The original supper clubs were often a formal event at a restaurant that included a full evening of wining and dining, usually beginning with cocktails and hors d’oeuvres. The relish tray was often a supper club staple.

The first supper club in the United States was established in Beverly Hills, Calif., by Wisconsin native Lawrence Frank according to the Wisconsin Historical Society (wisconsinhistory.org). 

Others argue that the clubs actually originated in New York City speakeasies during the Prohibition Era. 

Supper was offered as a cover-up for serving illegal alcohol (wisconsinsupperclubs.com).

Supper clubs were popular, even during times of rationing, according to the historical society.

Fast food is blamed in part for contributing to the demise of many of the original supper clubs. 

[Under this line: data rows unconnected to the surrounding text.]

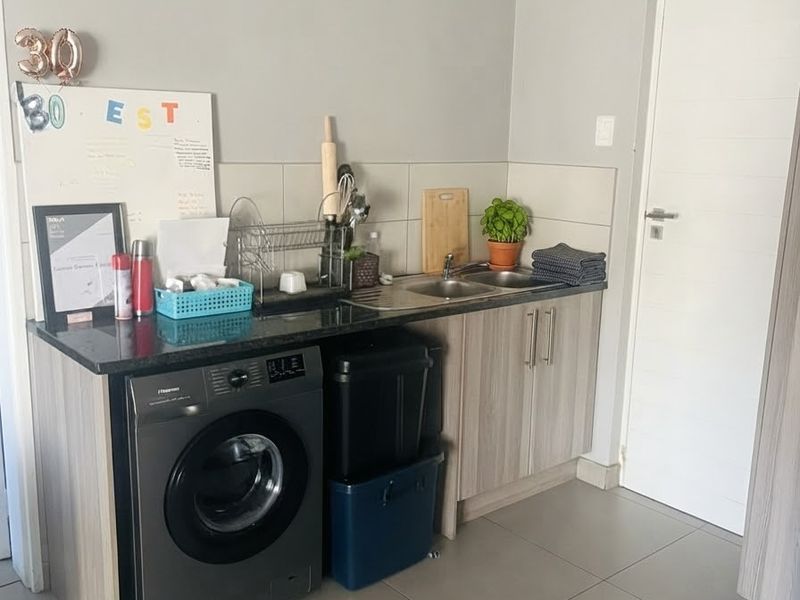 A functional laundry area featuring built-in cabinetry, granite countertops, a stainless steel double sink, and tiled flooring.
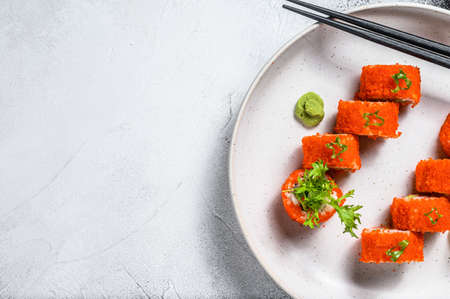 Sushi Maki roll with avocado and shrimp meat. Gray background. Top view. Copy spaceの写真素材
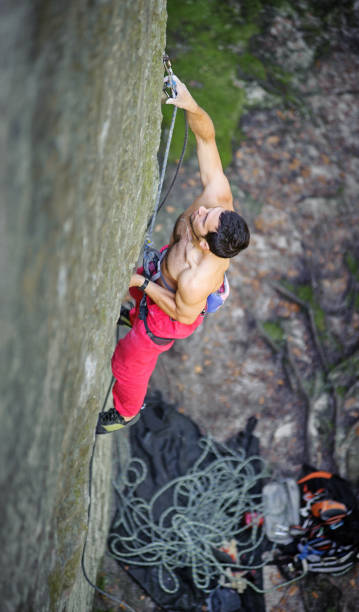 istock Muscular rock climber climbs on overhanging cliff 638553084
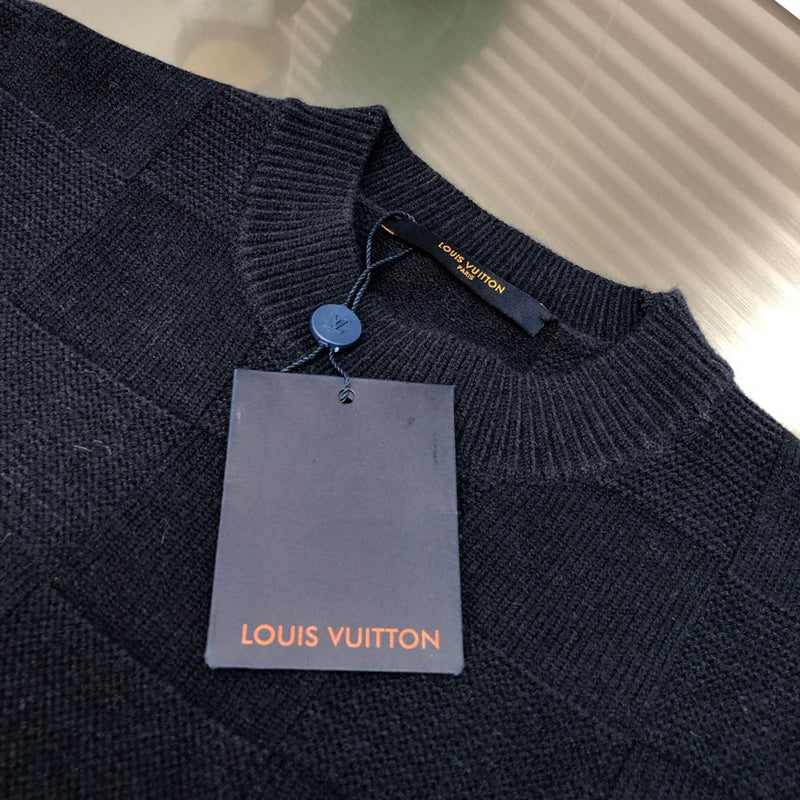 Close-up detail shot of Louis Vuitton luxury clothing with monogram-inspired silhouette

The home version of these dinners, however, is alive and well, presented in various versions, sometimes as a Friendsgiving, sometimes as small-group church ministries, and sometimes, as extended family gatherings.

Providing nourishment for the body, mind and soul, they provide a seat at the table for those seeking a kinship with others.

Smith’s advice for those wishing to start a supper club would be to stay open-minded to whom they invite.

“You can learn something from everyone,” Smith said. “The best advice I’ve gotten from them is to not work so much that it puts your family second, and to take time for yourself.”

The club was a necessity for Sonja.

“I was so busy working for a number of years that I almost lost my family,” Sonja said. “I put my work first. Doing this supper club was a great way to get connected. It is about community and being more than just me, myself and I.”

The supper club allowed her to reconnect with family, get to know her neighbors and make new friends.

For Smith, whose relatives still live in Louisiana, her supper club friends are her home away from home.

“I know they are the first people I can call if I need anything,” she said.